“A great liner stealing through the vast loneliness of the Atlantic, the sky jewelled with myriads of stars overhead, and a thin little wind blowing cold and ever colder straight from the frozen ice fields, tapping its warning of approaching danger on the cosily shuttered portholes of the cabins, causing the look-out man to strain his eyes anxiously into the gloom. Inside this floating palace warmth, lights and music, the flutter of cards, the hum of voices, the gay lilt of a German valse — the unheeding sounds of a small world bent on pleasure. Then disaster, swift and overwhelming, turning all into darkness and chaos, the laughing voices changed into shuddering wails of despair.”

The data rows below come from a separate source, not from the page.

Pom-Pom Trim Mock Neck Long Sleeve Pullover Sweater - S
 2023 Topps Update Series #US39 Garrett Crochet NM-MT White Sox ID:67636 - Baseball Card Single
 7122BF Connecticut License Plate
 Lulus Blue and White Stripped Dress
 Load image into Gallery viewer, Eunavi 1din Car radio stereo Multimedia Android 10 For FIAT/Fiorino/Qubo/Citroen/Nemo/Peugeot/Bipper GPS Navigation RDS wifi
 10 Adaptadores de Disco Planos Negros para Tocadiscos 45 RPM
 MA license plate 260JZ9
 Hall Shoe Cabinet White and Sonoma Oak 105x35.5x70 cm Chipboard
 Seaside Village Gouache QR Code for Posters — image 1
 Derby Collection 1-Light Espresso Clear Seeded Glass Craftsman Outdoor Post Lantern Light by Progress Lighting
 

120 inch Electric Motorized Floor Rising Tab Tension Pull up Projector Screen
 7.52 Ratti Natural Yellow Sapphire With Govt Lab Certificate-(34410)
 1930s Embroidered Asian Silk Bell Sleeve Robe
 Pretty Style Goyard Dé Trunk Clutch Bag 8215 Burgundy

That’s from Discretions & Indiscretions, Lady Duff-Gordon’s 1932 autobiography recounting, among other things, her experiences on board the Titanic. I quote that passage because Lady Duff-Gordon wrote it three days after landing in New York aboard the Carpathia, and it reminded me of something that Jamie Thomson once said, that any person with a decent British education from the 1860s to the 1930s could write prose as good as that of the best modern authors. Compare it to this recent essay on the Silver Age of Marvel Comics; it’s comprehensive, eclectic and interesting, but the writing lacks all grace.
Lady Duff-Gordon also designed clothes (see above for one of her 1913 dresses) so she’s a salutary lesson in creativity for us all.